It’s a good day for reflecting so I’m looking back at the goals I’ve set for myself for the year, the habits I hope to cultivate and the planning I’m doing in order to make it all happen.

I tend to think big. I’m a great idea person and brainstorming is like crack to me, I get so excited by the many possibilities and think I can and should be able to do it all. And maybe I can, just not all at the same time. So this year I’m writing down all those great ideas and then picking a few for the year and then, breaking it down even further, picking a few for the first quarter and then for the first month. From there it goes to daily and then hourly.

When I worked in the corporate world we called this making a plan for the plan. I used to laugh at it. We’d fly people in from all over the world and then we’d spend a week or two in one of the giant conference rooms making plans for the plans. We had giant pads of paper on easels around the room, maybe 20 of them, and each group would brainstorm around various topics then tear off the paper and tape it to the wall. Then they’d rotate to the next topic and another group would come in and brainstorm around the same topic the first group just did. Then we’d do it again, combining ideas, filtering them, moving them from group to group. We’d fine comb this several times until finally, at the end of a week or two we had a plan for the plan. A nice overview that the managers could take back to their team, plug into Microsoft Project, and begin to plan in more detail.

There’s a power in planning that I have rarely achieved in my creative life.

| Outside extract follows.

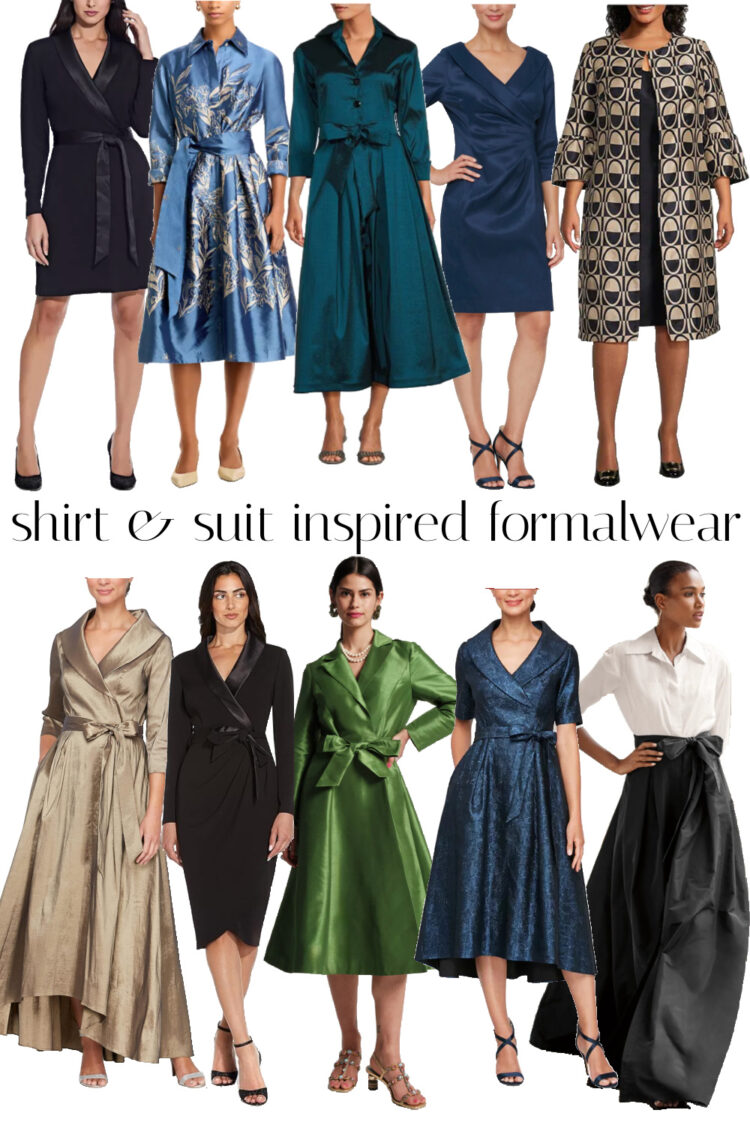 collage of ten formal shirtdresses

But this time, some lessons I’ve always known but rarely applied seem to be sticking. I made a huge dream list. I culled it for must-dos. I organized the list. I picked one project for the first quarter and then broke that project down into daily goals. Finish a rough draft in three months when my writing has been sporadic this last year sounded intimidating. Writing two poems a day for three months makes it sound doable.

So planning is working for me but I think it is working for me because I am making time for it.

Planning to plan. Planning to succeed. I like the sound of that.